Truck dismantlers these days have the same attitude about squeezing out the last drop of profit when they recycle a used-up or crash-damaged big rig.

“As the years go on, it seems like we’re recycling the squeaks and rattles out of them,” says Jake Rea of Michigan Truck Parts in suburban Detroit. “Every ounce of metal, all the fluids, all of the sheet metal we flatten in the crusher and send to the shredder. It’s amazing how far we’ve come. It’s not like the old days where everything sits around in the yard.’’

With greater competition for salvage trucks, the high cost of buying land for storage yards and huge environmental concerns, dismantling facilities are organized and clean operations always looking for more efficient ways to break down a dead truck into a myriad of marketable parts. And they want those parts moved out of the shop as quickly as possible.

Refined process

Truck recyclers are developing a fairly refined process for identifying the right markets for parts with a strong consumer demand and disposing of components that are an environmental liability.

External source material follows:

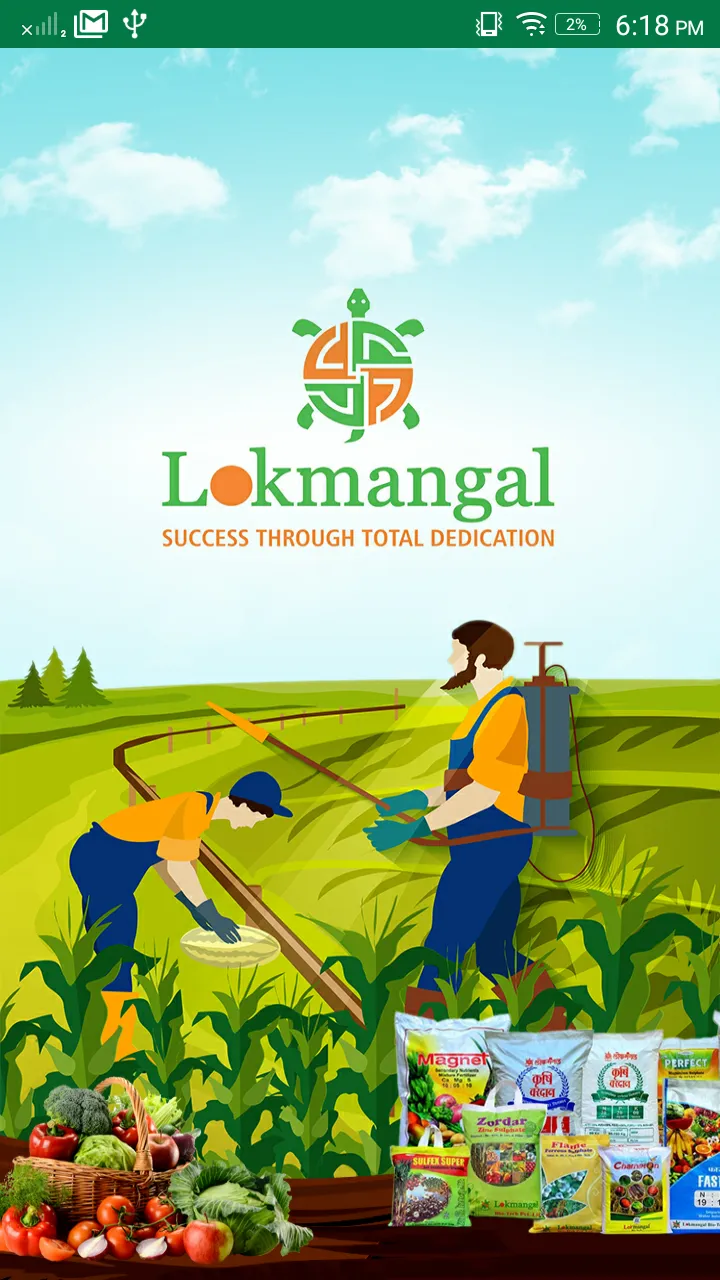 Lokmangal Bio-Tech | Indus Appstore | Screenshot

They usually know when they bid on a retired or wrecked truck whether they can resell the rig in one piece to a trucker or a body shop. A decision to dismantle means that, as the wrenches turn, the sales force is deciding if the engine and transmission should be sold by the company at retail, go to a domestic remanufacturer or be peddled to a third-world country.

The engine and drivetrain components are the gold that dismantlers mine, and the sweet spot for reselling is in parts from trucks in the seven- to eight-year-old range, according to John Weller, owner of Weller Truck Parts in Grand Rapids, Mich. If an engine is clocked out at 400,000 miles, it’s a great candidate for sale as a used part. If it has amassed 700,000 miles, it may need rebuilding to return to the road, he says.

Weller’s company specializes in remanufacturing transmissions, differentials, steering gears and drive shafts, which often need rebuilding, but when updated are a popular choice over much more expensive new parts. A transmission, for instance, can be rebuilt up to 20 times.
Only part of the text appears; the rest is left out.